[Zope] making a static snapshot

Paul Winkler pw_lists@slinkp.com
Thu, 1 May 2003 09:08:42 -0400


On Thu, May 01, 2003 at 12:55:50PM +0200, martin f krafft wrote:
> i wonder if there are ways to create a static snapshot of a Zope
> site. standard mirroring tools exist, sure, but due to acquisition,
> one object can potentially have one million URLs, so standard
> mirroring won't work. has anyone else thought about this?

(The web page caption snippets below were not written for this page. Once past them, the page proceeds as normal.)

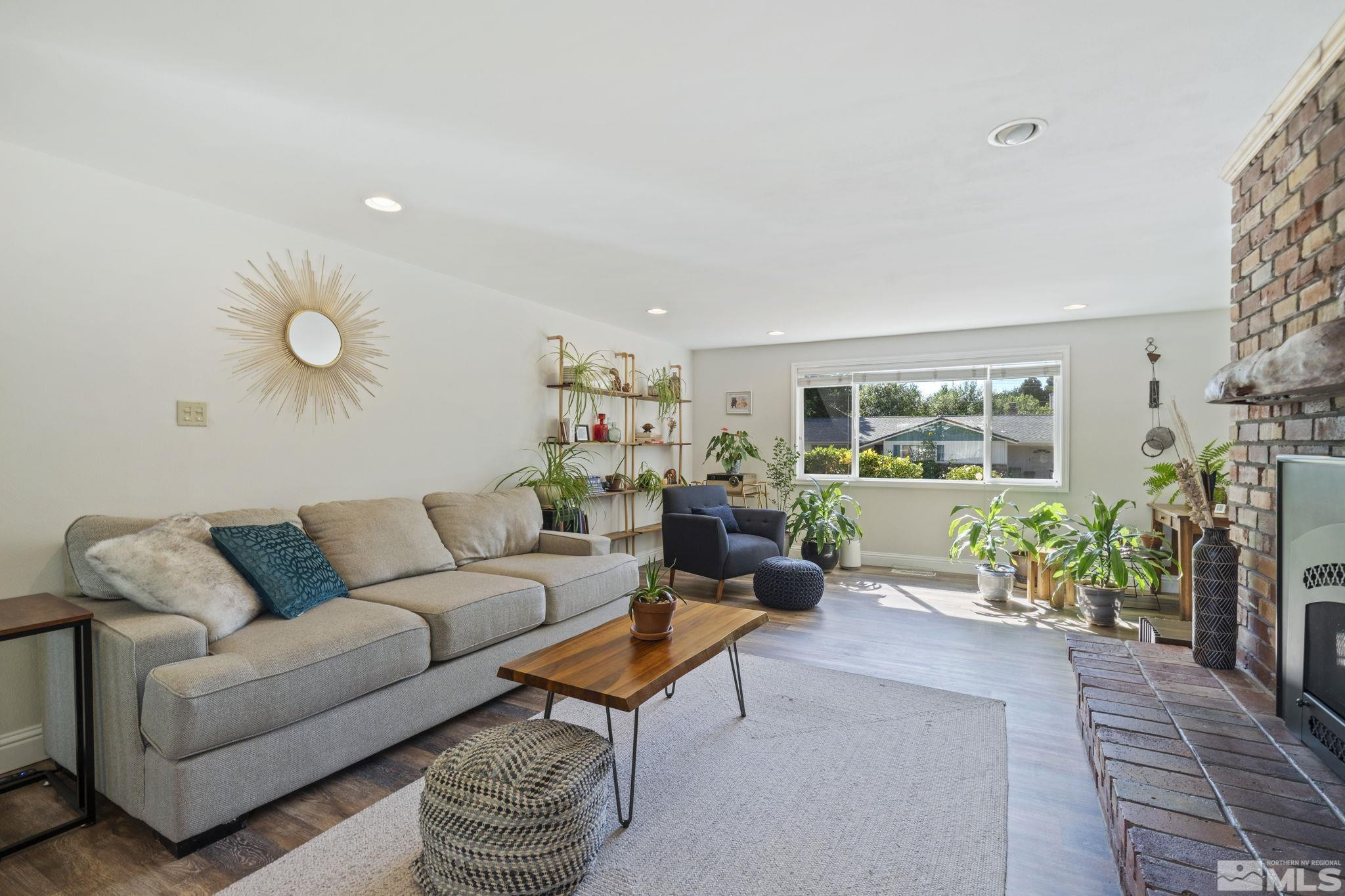 1000 Sumac Street Reno, NV 89509 - Photo 4 of 40 a living room with furniture potted plant and a window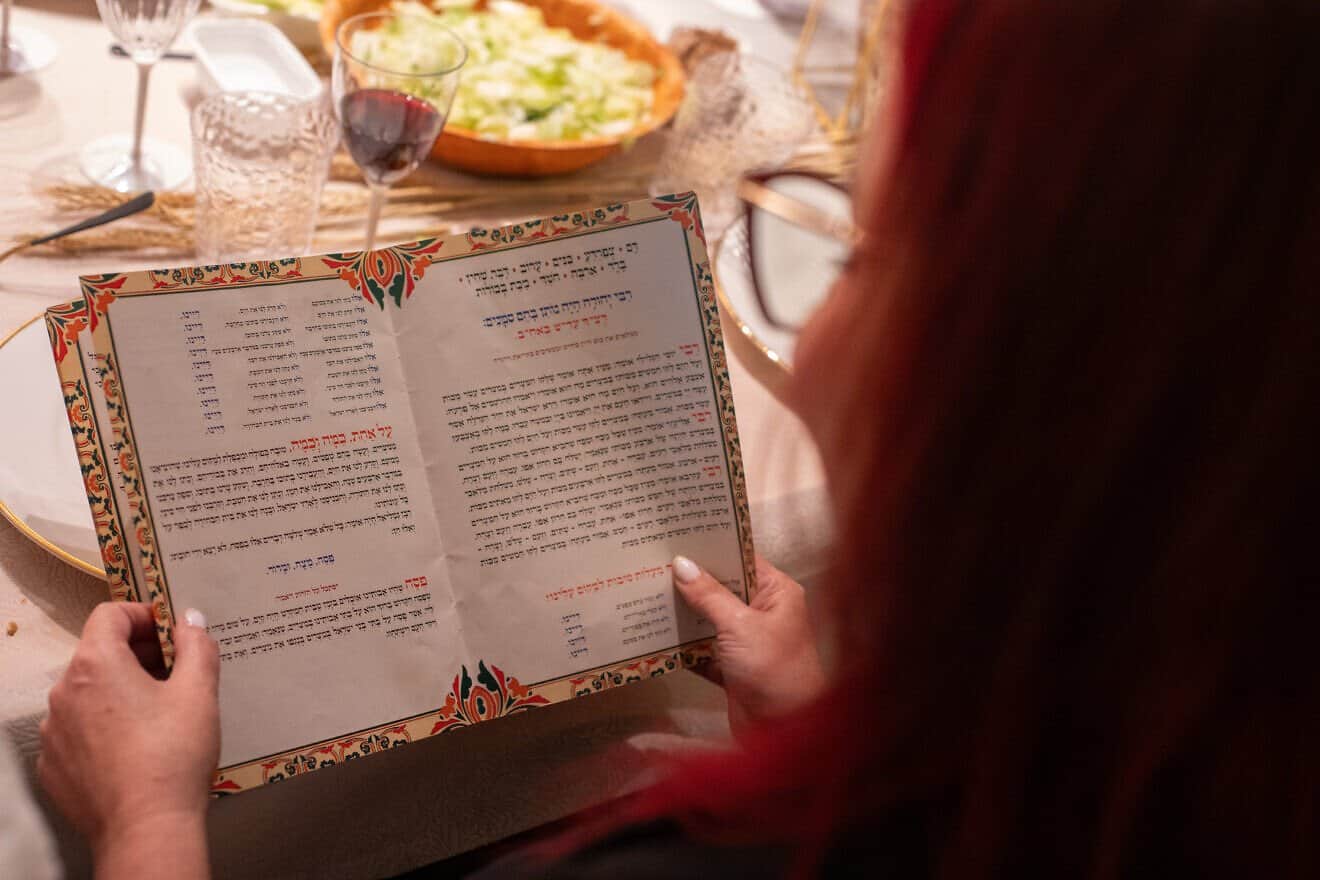 An Israeli family reading the Haggadah at a Passover Seder, April 22, 2024. Photo by Chen Leopold/Flash90. April 22, 2024.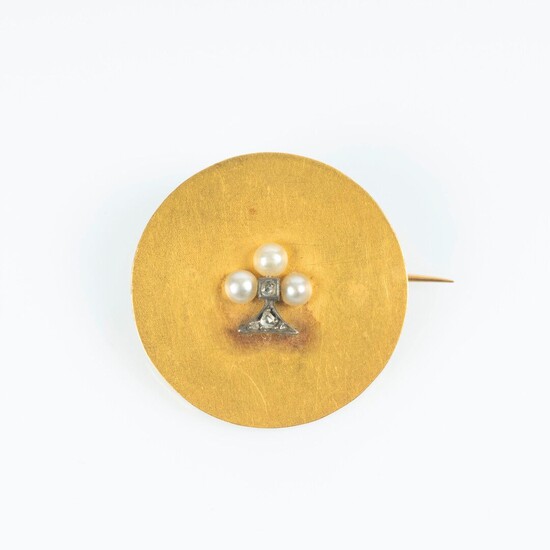 Broche en or, un disque uni piqué d'un motif trèfle serti de petites perles et...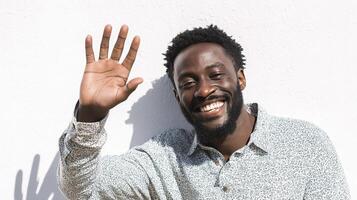 A man with a beard and a smile is waving photo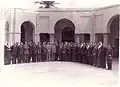 صورة تذكارية لوفد من مجلس النواب السوري مع الملك فيصل الثاني ملك العراق في بغداد سنة 1956. الثامن من اليمين: دولة الرئيس معروف الدواليبي نائب حلب عن حزب الشعب ورئيس الحكومة السورية الاسبق - غير معروف - الدكتور عدنان الاتاسي نائب حمص وسفير سورية الأسبق في فرنسا - الأمير عبد الإله الوصي على عرش العراق - نائب حمص ووزير الخارجية الأسبق فيضي الأتاسي - جلالة الملك فيصل الثاني ملك العراق - نائب حلب إحسان الجابري - نائب حماة وأحد زعماء حزب البعث العربي الاشتراكي وزير الدفاع الأسبق أكرم الحوراني - نائب رئيس مجلس النواب الأسبق ونائب دير الزور محمد بك العايش - نائب دمشق ورئيس الحزب التعاوني الاشتراكي فيصل العسلي - غير معروف - غير معروف - غير معروف - غير معروف - نائب دمشق وأحد مؤسسي حزب البعث الدكتور صلاح البيطار.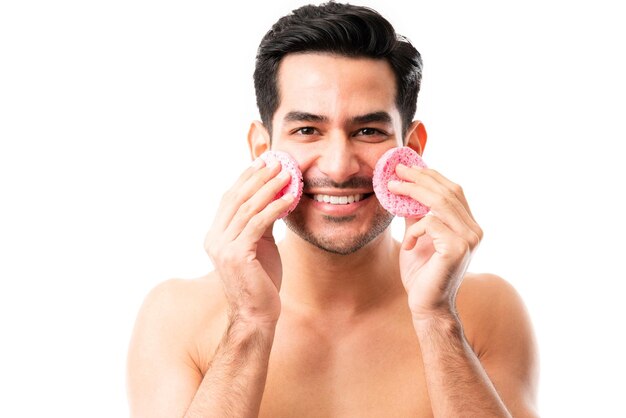 Un joven feliz limpia la piel con una esponja facial natural mientras hace contacto visual y sonríe con fondo blanco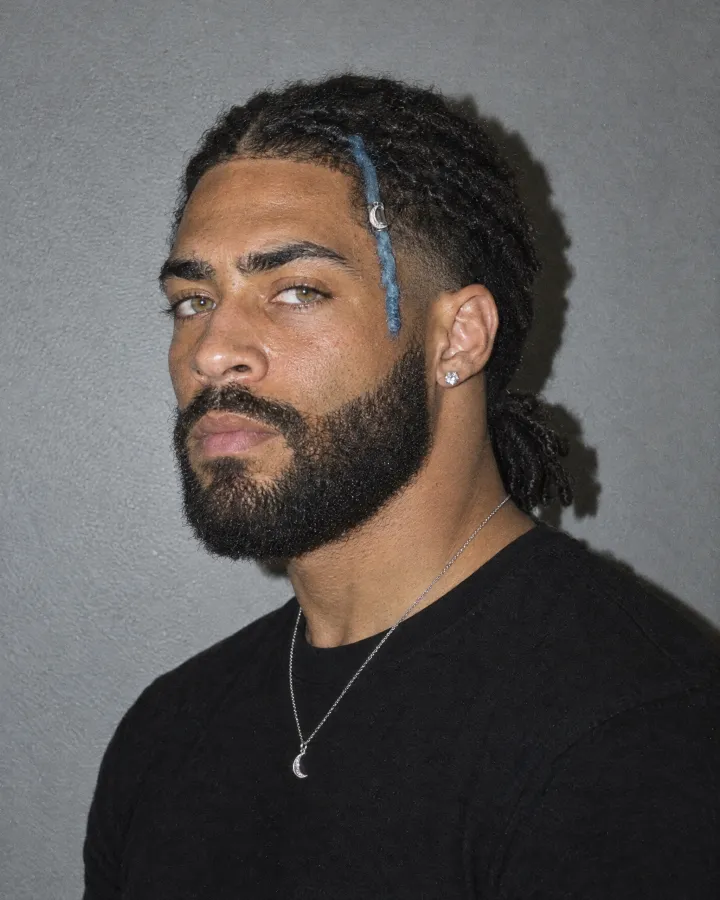 The side view, face ref 2, attached next to the headshot so his profile holds from shot to shot.
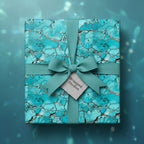 Square gift box wrapped in turquoise stone-patterned paper with matching bow.
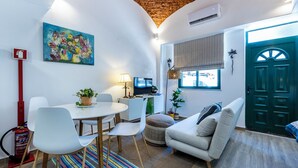 A cozy living room with a round dining table, white chairs, a sofa, a TV, and a colorful rug. - Casa da Guida Olhão Portugal (Olhão)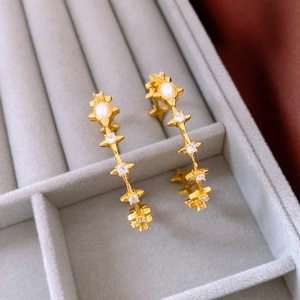 Detail of 18k gold plated tiger eye star earrings with pearls and small zircons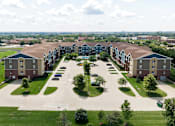 Thumbnail 22 of 22 - A large apartment complex with a parking lot in front.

yup. It's a pain. May I suggest:
1) don't use relative URLs,
2) avoid using relative URLs, and
3) get rid of relative URLs.

with some attention to that, a careful combination of wget 
options works pretty well for me. --mirror is not adequate:

wget -r -l8 -p -nH -nc -np -k -E 

or, more verbosely:

wget --recursive --level=8 --page-requisites \
 --no-host-directories --no-clobber --no-parent \
 --convert-links --html-extension

The "level" setting depends of course on how deep your site gets.
Note that this causes some renaming, so you may find that the output
includes things like index_html.html. But links are automatically
fixed so the result just works even if it's not 100% identical to
the original.

By saving the standard error from wget and grepping it for errors, i get
link-checking at the same time :-)
i also wrote a trivial python script that searches through
the stderr log and counts downloads with the same basename, which helps me track
down problematic relative URLs. When "main.css" gets downloaded 200
times, that's a clue. :-)

-- 

Paul Winkler
home:  http://www.slinkp.com
"Muppet Labs, where the future is made - today!"